(Pictures with short captions)
★ ★ ★ ★ ★ ★ ★

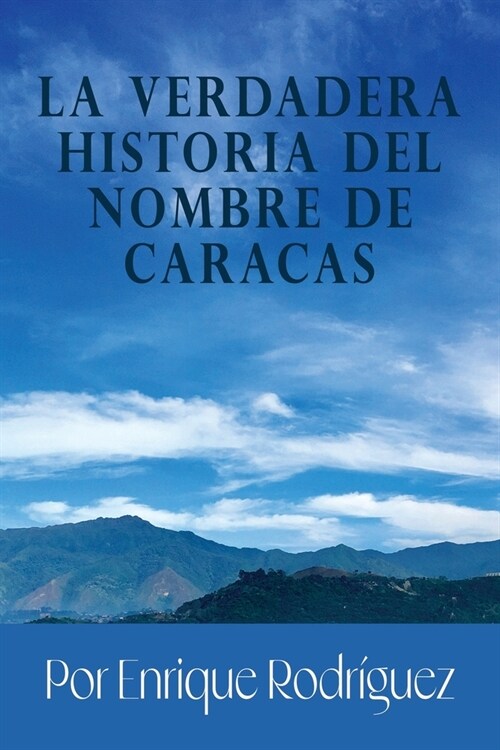 La verdadera historia del nombre de Caracas: Origen (Paperback)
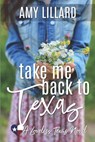 Take Me Back To Texas - Amy Lillard - 9781511952644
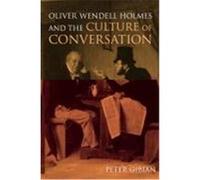 Oliver Wendell Holmes and the Culture of Conversation, Cambridge Studies in American Literature and Culture Peter Gibian (Auteur)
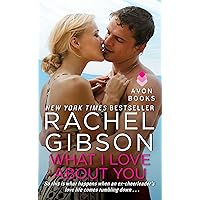 What I Love About You (Military Men Book 1) What I Love About You (Military Men Book 1) Kindle Audible Audiobook Library Binding Paperback Mass Market Paperback Audio CD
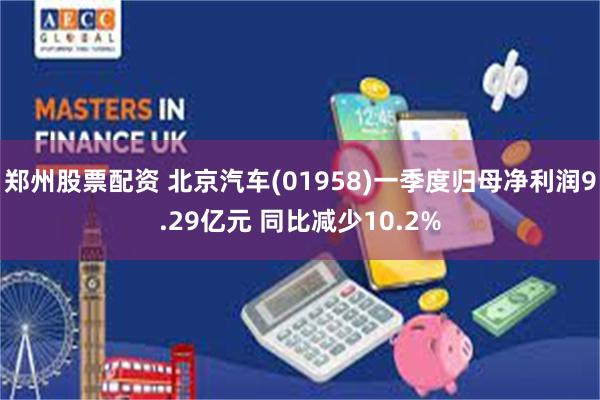 郑州股票配资 北京汽车(01958)一季度归母净利润9.29亿元 同比减少10.2%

★ ★ ★ ★ ★ ★ ★

## Activity
Set down the records again verbatim, with no pictures.

## Result for this task
 La verdadera historia del nombre de Caracas: Origen (Paperback)
 Take Me Back To Texas - Amy Lillard - 9781511952644
 Oliver Wendell Holmes and the Culture of Conversation, Cambridge Studies in American Literature and Culture Peter Gibian (Auteur)
 What I Love About You (Military Men Book 1) What I Love About You (Military Men Book 1) Kindle Audible Audiobook Library Binding Paperback Mass Market Paperback Audio CD
 郑州股票配资 北京汽车(01958)一季度归母净利润9.29亿元 同比减少10.2%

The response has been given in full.